A Multi-view RGB-D Operating Room Dataset for 2D and 3D Human Pose Estimation (MICCAI-LABELS-2018)
Vinkle Srivastav, Thibaut Issenhuth, Abdolrahim Kadkhodamohammadi, Michel de Mathelin, Afshin Gangi, Nicolas Padoy
This repository contains the link to download the dataset as well as visualization and evaluation scripts.
The MVOR dataset is hosted on the unistra S3 server. Please download the dataset and install the dependencies using the commands given below. We tested the code on the Ubuntu 16.04, Python 3.7, PyTorch 1.5.1, CUDA 10.1 using the NVIDIA GeForce GTX 1080 Ti GPU.
$ MVOR=/path/to/mvor/repository
$ git clone https://github.com/CAMMA-public/MVOR.git $MVOR
$ cd $MVOR/
$ wget https://s3.unistra.fr/camma_public/datasets/mvor/camma_mvor_dataset.zip
$ unzip -q camma_mvor_dataset.zip && rm camma_mvor_dataset.zip
$ # Install Python dependencies
$ pip3 install -r $MVOR/requirements.txt
The dataset directory should look as follows:
──$MVOR
──camma_mvor_dataset
├───day1
│ ├───cam1
│ │ ├───color
│ │ └───depth
│ ├───cam2
│ │ ├───color
│ │ └───depth
│ └───cam3
│ ├───color
│ └───depth
The MVOR dataset consists of 732 synchronized multi-view frames recorded by three RGB-D cameras in a hybrid OR. Each multi-view frame consists of three color and three depth images. The MVOR dataset was sampled from four days of recording in an interventional room at the University Hospital of Strasbourg during procedures such as vertebroplasty and lung biopsy. There are in total 4699 bounding boxes, 2926 2D keypoint annotations, and 1061 3D keypoint annotations.

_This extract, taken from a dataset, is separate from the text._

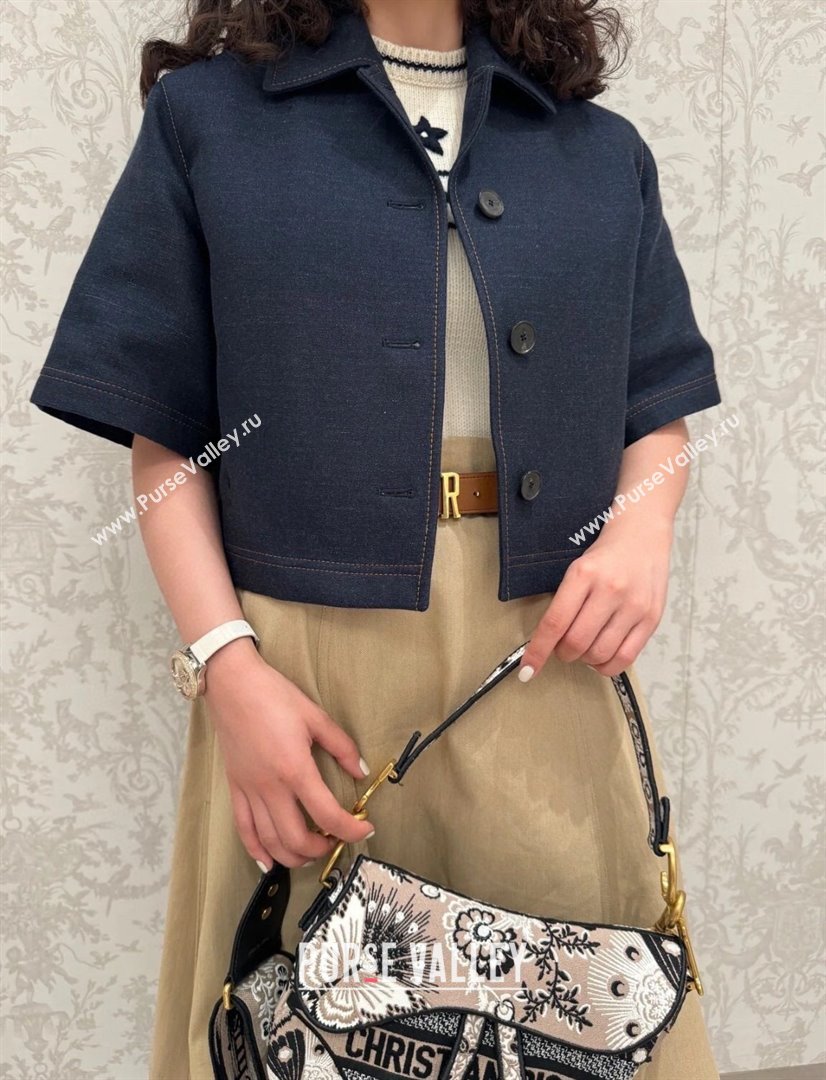 Dior Medium Saddle Bag in Beige Multicolor Butterfly Bandana Embroidery 2024 (DMZ-241817)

Ground truth file camma_mvor_2018.json contains the annotations in coco style format. We have added extra keys 'annotations3D', 'multiview_images', and 'cameras_info' to support 3D annotations and camera calibration parameters. The keys of the annotation json file are explained as follows:
[images] : Contains the id, filename, width, height of the image
[multiview_images] : Contains the id of the image triplet (multi-view frame)
[annotations] : Contains the 2D human pose annotations, 2D bounding box, image_id,
person_id, person_role, and face_blurring status
[annotations3D] : Contain the 3D keypoints, image_id of multi-view frame and person_id
[cameras_info] : Contains the intrinsics (focal-length, principal-point, distortion) and
extrinsics (4x4 rigid transformation from 1st camera) parameters of the cameras,
also contain the transformation from the first camera to the world origin.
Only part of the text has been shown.